Retype word for word the stretch of entries below from the line that has "Jack & Lainey Facebook ad" through the line that has "PINK VS sweater", and omit the pictures.

• [Input]:
☆ ☆ ☆ ☆ ☆

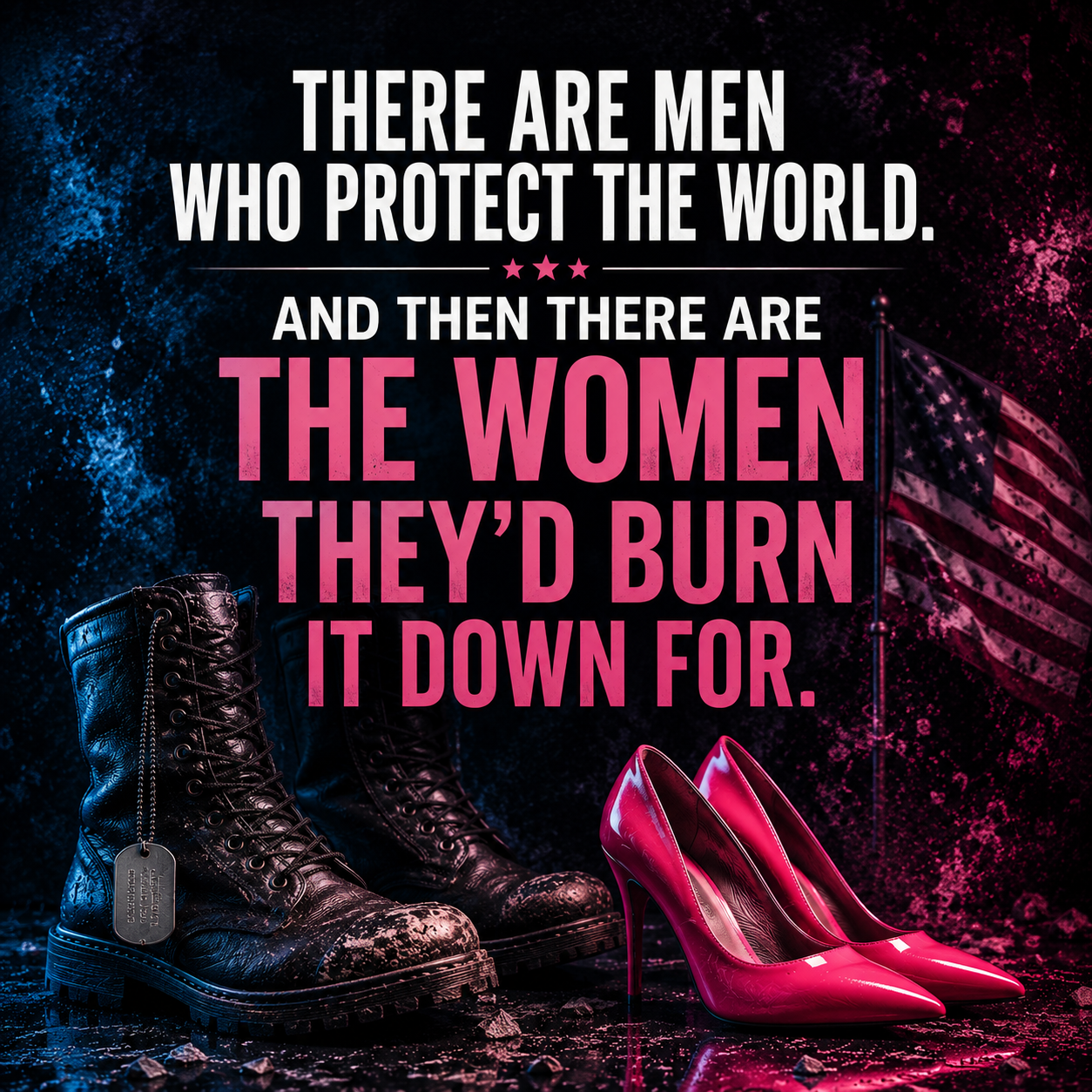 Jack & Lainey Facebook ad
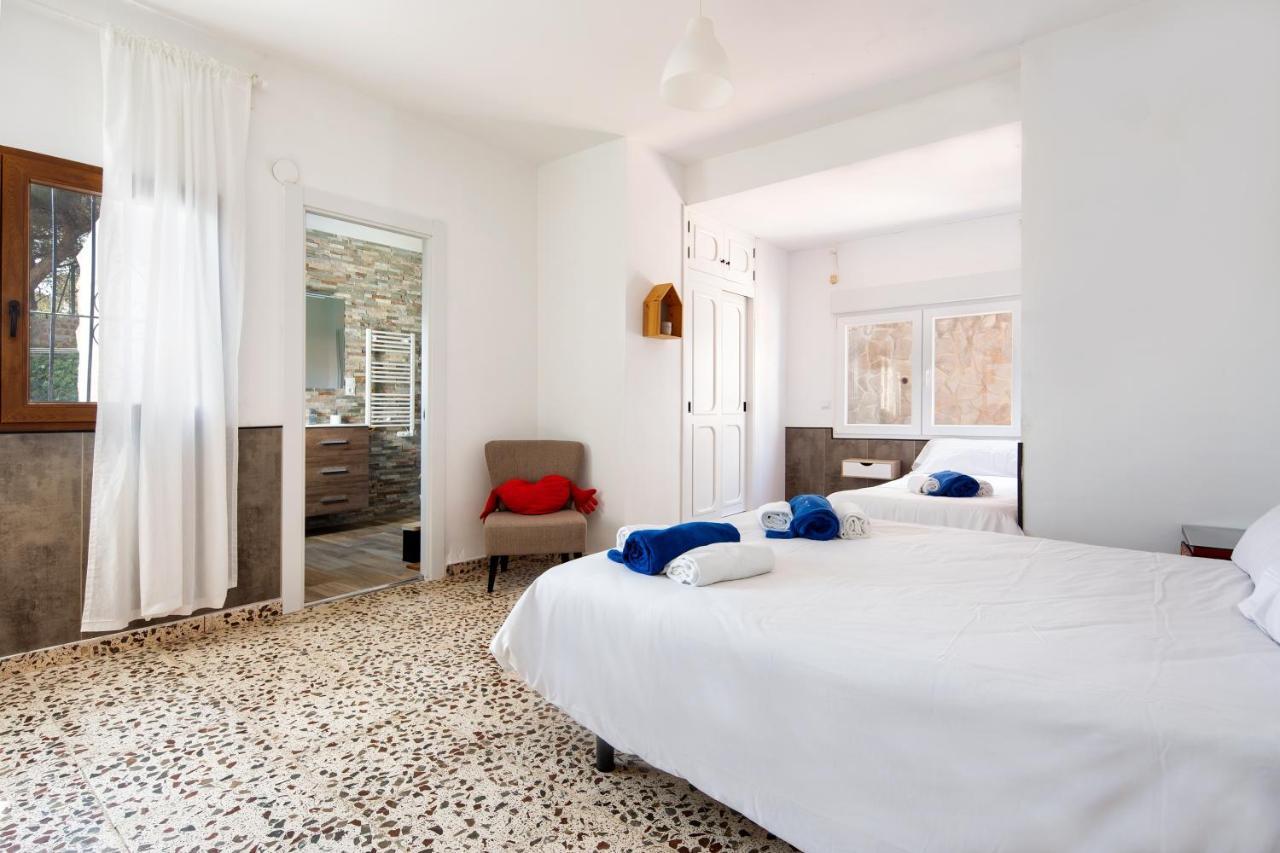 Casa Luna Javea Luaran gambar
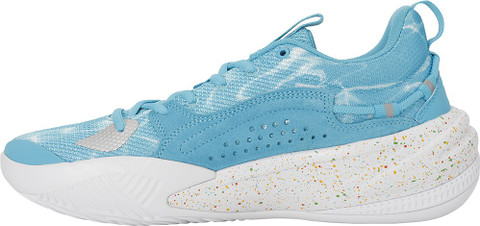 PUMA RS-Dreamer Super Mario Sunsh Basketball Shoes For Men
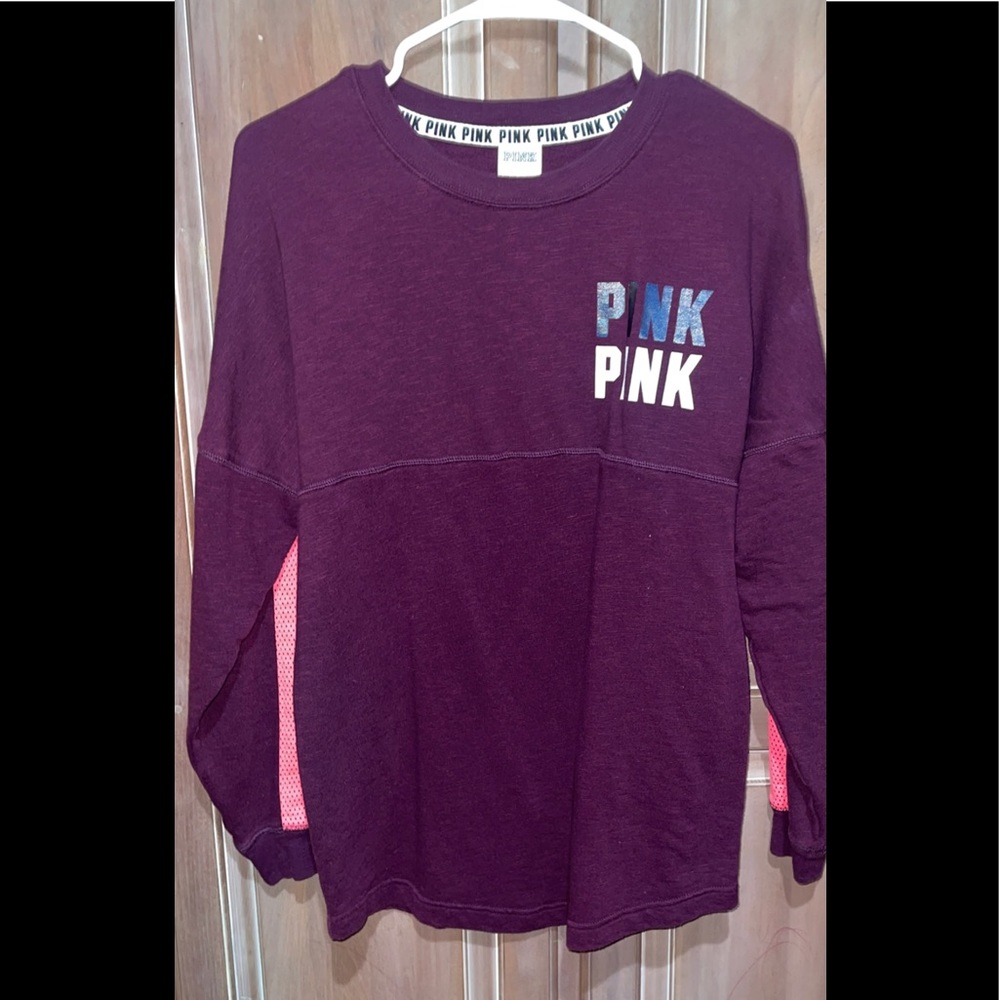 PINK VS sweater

☆ ☆ ☆ ☆ ☆

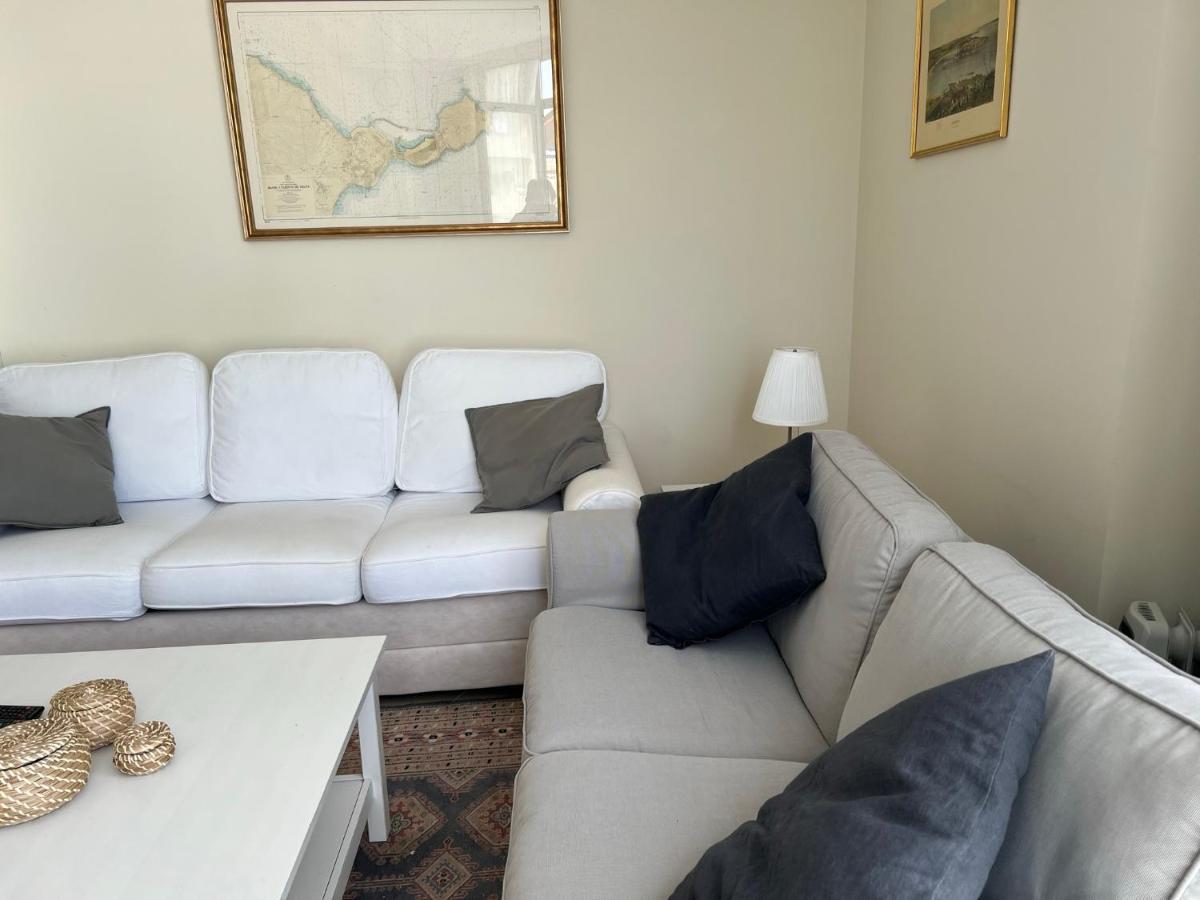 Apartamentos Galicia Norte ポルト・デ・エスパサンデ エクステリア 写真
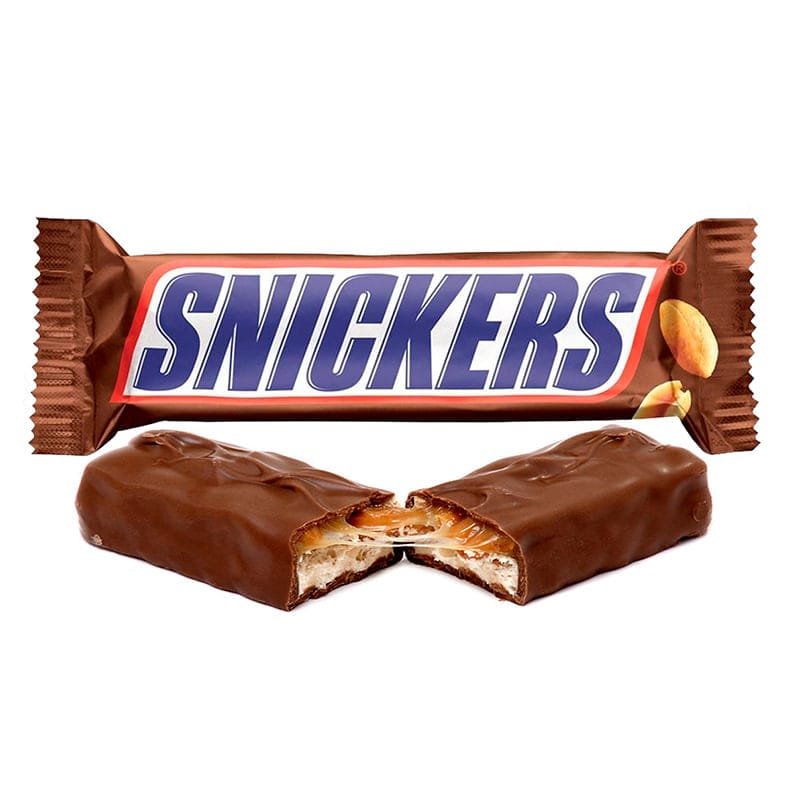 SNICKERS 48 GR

☆ ☆ ☆ ☆ ☆

• [The completed task]:
 Jack & Lainey Facebook ad
 Casa Luna Javea Luaran gambar
 PUMA RS-Dreamer Super Mario Sunsh Basketball Shoes For Men
 PINK VS sweater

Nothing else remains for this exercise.